According to Rep. Brady, he expects the mark-up to take multiple days but that it will mostly be held within regular working hours. He also said that he anticipates a static revenue estimate from the Congressional Budget Office and the Joint Committee on Taxation before the mark-up or as it begins, and then a dynamic score – reflecting macroeconomic feedback from the proposed reforms – after the bill is passed by Ways and Means. Their goal is to complete work in the House on the legislation by Thanksgiving.
While Chairman Brady and others have kept a close hold on the details that may be included in the legislative package, there have been hints about some of the provisions on which Republicans are focusing, including the treatment of pass-through entities, business interest and expensing, and some individual taxpayer incentives that have long been considered untouchable.
However, there are a series of challenges to the plan, from worries about how tax reform might increase the deficit to battles over specific tax provisions, including possible changes to the tax status of 401(k) plans and the deduction of state and local taxes.
NSBA supports a broad bipartisan overhaul of the tax system by dramatically broadening the base—cutting the breaks that litter the tax code—and lowering rates while maintaining revenue neutrality. As Congress debates what tax system should replace the current one, NSBA believes it is imperative that the U.S. moves towards a simpler, fairer tax system that does not attempt to only tweak one piece of the puzzle but instead is a permanent solution.
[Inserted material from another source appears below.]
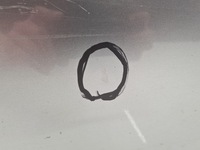 фото thumb №9, Mazda 6 gh двері праві передні перед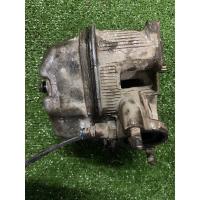 ราคา ฝาสูบ ttx มีโอ115i ,ฟีโน่ 115i ยามาฮ่า ของแท้มือสอง ✅ (25506678034)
Specifically:
Rate Parity: For NSBA, one of the main goals of fundamental tax reform is to make U.S. businesses—of all sizes—more competitive and to increase economic growth. This requires a reduction in tax rates on businesses and investment. Thus, most critical to small-business owners is lowering individual tax rates commensurate with corporate rate cuts. Congress should provide the same rate for all businesses whether organized as C corporations or pass-through entities, and Qualified Personal Service Corporation income should flow out at individual tax rates.
Permanent Expensing and Interest Deductibility: Furthermore, any legislation should allow businesses to immediately and permanently deduct the full cost of qualified capital investments, with interest deductibility for those with gross receipts under $10 million. As Congress debates what tax system should replace the current one, NSBA believes it is imperative that the U.S. moves towards a simpler, fairer tax system that does not attempt to only tweak one piece of the puzzle but instead is a permanent solution.
House Speaker Paul Ryan (R-Wis.) has set a deadline for enacting tax reform by the end of this year and has said he intends to keep the House in session through Christmas to make that happen. Senate Republicans are waiting for the House Ways and Means Committee to unveil its package, but the Senate Finance Committee aims to beginning its own markup the week of Nov. 13.